- **Activity**
Return every line from the one with "FOXEY BOUTIQUE 洋裝" through the one with "Lindenlaan 14 in Kerkrade foto", inclusive, exactly as it appears below.

Brief descriptive captions:

+ + + + + + +

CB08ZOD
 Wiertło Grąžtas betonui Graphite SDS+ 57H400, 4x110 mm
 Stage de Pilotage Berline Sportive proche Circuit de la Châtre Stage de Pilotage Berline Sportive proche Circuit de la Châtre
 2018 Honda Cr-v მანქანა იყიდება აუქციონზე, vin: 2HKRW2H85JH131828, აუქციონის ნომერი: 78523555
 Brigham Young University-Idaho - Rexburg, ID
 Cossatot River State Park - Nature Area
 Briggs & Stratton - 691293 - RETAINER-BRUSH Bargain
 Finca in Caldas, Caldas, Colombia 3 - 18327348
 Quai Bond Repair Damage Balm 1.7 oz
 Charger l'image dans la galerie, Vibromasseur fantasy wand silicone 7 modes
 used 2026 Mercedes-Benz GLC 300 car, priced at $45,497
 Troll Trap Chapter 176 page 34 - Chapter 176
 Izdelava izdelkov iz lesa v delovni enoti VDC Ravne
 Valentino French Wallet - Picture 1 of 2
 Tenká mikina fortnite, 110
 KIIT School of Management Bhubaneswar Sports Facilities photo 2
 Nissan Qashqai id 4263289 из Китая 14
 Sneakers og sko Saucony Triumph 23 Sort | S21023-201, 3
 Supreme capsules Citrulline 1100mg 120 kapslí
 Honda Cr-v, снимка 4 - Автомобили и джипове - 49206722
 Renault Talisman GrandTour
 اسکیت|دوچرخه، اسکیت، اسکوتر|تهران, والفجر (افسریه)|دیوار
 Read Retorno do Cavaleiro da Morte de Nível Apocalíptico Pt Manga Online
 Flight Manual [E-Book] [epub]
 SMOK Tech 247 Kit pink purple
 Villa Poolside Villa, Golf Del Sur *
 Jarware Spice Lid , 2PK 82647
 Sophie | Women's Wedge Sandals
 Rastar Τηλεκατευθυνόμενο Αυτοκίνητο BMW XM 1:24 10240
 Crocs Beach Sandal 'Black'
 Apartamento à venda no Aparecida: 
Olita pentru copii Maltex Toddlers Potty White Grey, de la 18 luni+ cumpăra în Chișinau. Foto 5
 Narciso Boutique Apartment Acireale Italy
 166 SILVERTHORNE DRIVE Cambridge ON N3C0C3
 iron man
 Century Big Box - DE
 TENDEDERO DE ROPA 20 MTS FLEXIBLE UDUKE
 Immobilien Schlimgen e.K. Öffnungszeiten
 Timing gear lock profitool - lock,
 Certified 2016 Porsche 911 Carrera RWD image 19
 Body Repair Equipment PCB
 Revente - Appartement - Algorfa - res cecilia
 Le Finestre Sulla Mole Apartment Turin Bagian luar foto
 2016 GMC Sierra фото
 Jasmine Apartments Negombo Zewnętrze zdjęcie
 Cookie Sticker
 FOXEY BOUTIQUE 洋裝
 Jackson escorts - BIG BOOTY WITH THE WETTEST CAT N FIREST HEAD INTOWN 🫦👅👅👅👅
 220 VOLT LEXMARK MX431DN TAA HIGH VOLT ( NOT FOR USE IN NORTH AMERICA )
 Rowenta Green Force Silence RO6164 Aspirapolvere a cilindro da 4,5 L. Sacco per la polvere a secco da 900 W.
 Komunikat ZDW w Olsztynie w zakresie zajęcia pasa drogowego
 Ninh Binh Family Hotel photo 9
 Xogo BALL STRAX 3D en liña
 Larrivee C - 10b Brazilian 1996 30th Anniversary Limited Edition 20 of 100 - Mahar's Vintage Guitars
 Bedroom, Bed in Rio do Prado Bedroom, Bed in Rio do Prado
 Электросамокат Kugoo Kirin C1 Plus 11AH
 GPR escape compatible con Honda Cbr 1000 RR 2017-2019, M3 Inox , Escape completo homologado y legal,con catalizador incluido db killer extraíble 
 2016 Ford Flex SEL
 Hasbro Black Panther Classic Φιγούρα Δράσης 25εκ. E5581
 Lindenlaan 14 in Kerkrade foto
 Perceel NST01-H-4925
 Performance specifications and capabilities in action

+ + + + + + +

- **Result for this exercise**
 FOXEY BOUTIQUE 洋裝
 Jackson escorts - BIG BOOTY WITH THE WETTEST CAT N FIREST HEAD INTOWN 🫦👅👅👅👅
 220 VOLT LEXMARK MX431DN TAA HIGH VOLT ( NOT FOR USE IN NORTH AMERICA )
 Rowenta Green Force Silence RO6164 Aspirapolvere a cilindro da 4,5 L. Sacco per la polvere a secco da 900 W.
 Komunikat ZDW w Olsztynie w zakresie zajęcia pasa drogowego
 Ninh Binh Family Hotel photo 9
 Xogo BALL STRAX 3D en liña
 Larrivee C - 10b Brazilian 1996 30th Anniversary Limited Edition 20 of 100 - Mahar's Vintage Guitars
 Bedroom, Bed in Rio do Prado Bedroom, Bed in Rio do Prado
 Электросамокат Kugoo Kirin C1 Plus 11AH
 GPR escape compatible con Honda Cbr 1000 RR 2017-2019, M3 Inox , Escape completo homologado y legal,con catalizador incluido db killer extraíble 
 2016 Ford Flex SEL
 Hasbro Black Panther Classic Φιγούρα Δράσης 25εκ. E5581
 Lindenlaan 14 in Kerkrade foto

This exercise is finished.